We compare our method with the state-of-the-art unsupervised learning methods. Table 4 presents the comparison when Market-1501/Duke is the source set and Duke/Market-1501 is the target. We compare with two hand-crafted features, i.e. BoW [43] and LOMO [23], three unsupervised methods, including CAMEL [42], PUL [10], and UMDL [28], and three unsupervised domain adaptation approaches, including PTGAN [39], SPGAN [7] and TJ-AIDL [38]. The two hand-crafted features are directly applied on target testing set without training. Both features fail obtain competitive results. With training on target set, unsupervised methods obtain higher results than hand-crafted features. For example, CAMEL [42] achieves 54.4% rank-1 accuracy when using DukeMTMC-reID as source set and tested on Market-1501 (multi-query setting). Comparing with unsupervised domain adaptation methods, our method is superior. Specifically, when tested on Market-1501, our results are higher than all the competing methods, achieving rank-1 accuracy = 62.2% and mAP = 31.4%. For example, comparing with the recently published TJ-AIDL method [38], our results are higher by +4.0% in rank-1 accuracy and +4.9% in mAP. When tested on DukeMTMC-reID, our method achieves rank-1 accuracy = 46.9% and mAP = 27.2%, higher than previous methods as well. So this paper sets a new state of the art on Duke \(\rightarrow \) Market-1501 and yields competitive results on Market-1501 \(\rightarrow \) Duke.

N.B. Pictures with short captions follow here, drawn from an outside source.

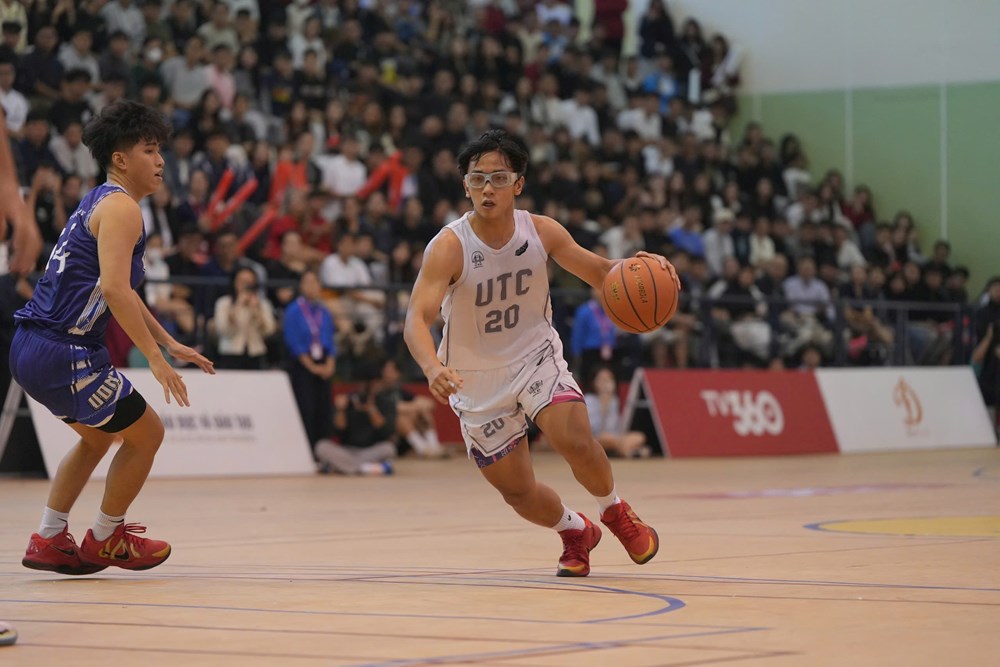 2 trận chung kết hấp dẫn khép lại Giải Bóng rổ sinh viên toàn quốc 2025  - ảnh 2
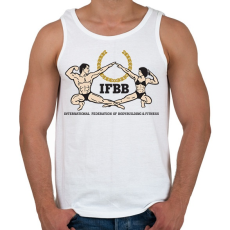 PRINTFASHION IFBB_logo - Férfi atléta - Fehér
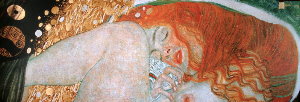 Lmina Gustav Klimt, Dana (Detalle), 1908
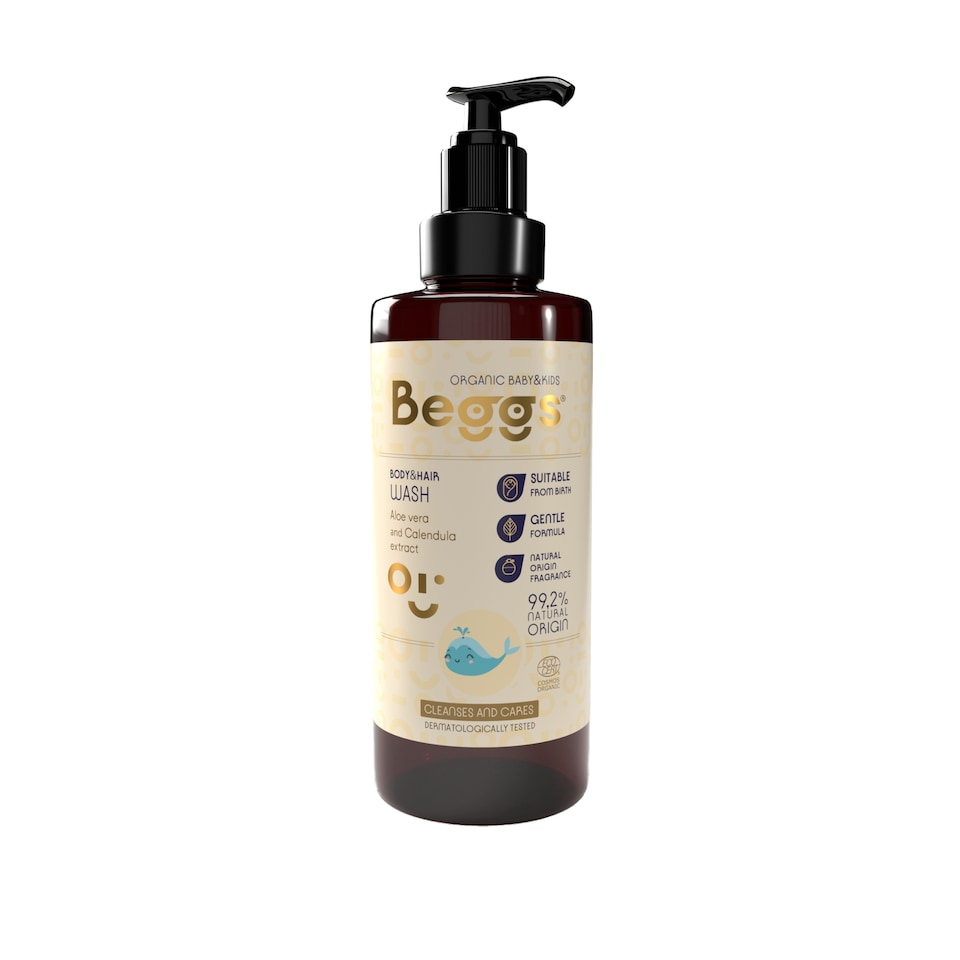 Beggs Baby's Shower Gel for Body and Hair 200ml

Table 5 presents comparisons of methods using CUHK03 as the source set. Our method outperforms the state-of-the-art methods by a large margin. Specifically, HHL yields an mAP of 29.8% when Market-1501 is the target set. This is higher than SPGAN [7] (19.0%) by +10.8%.

5 Conclusion

In this paper, we present Hetero-Homogeneous Learning (HHL), a new unsupervised domain adaptation approach for person re-identification (re-ID). Taking advantage of the unique challenges of UDA approaches in the context of person re-ID, we propose to learn camera invariance and domain connectedness simultaneously to obtain more generalized person embeddings on the target domain. Experiment conducted on Market-1501, DukeMTMC-reID and CUHK03 confirms that our approach achieves very competitive performance compared with the state of the art.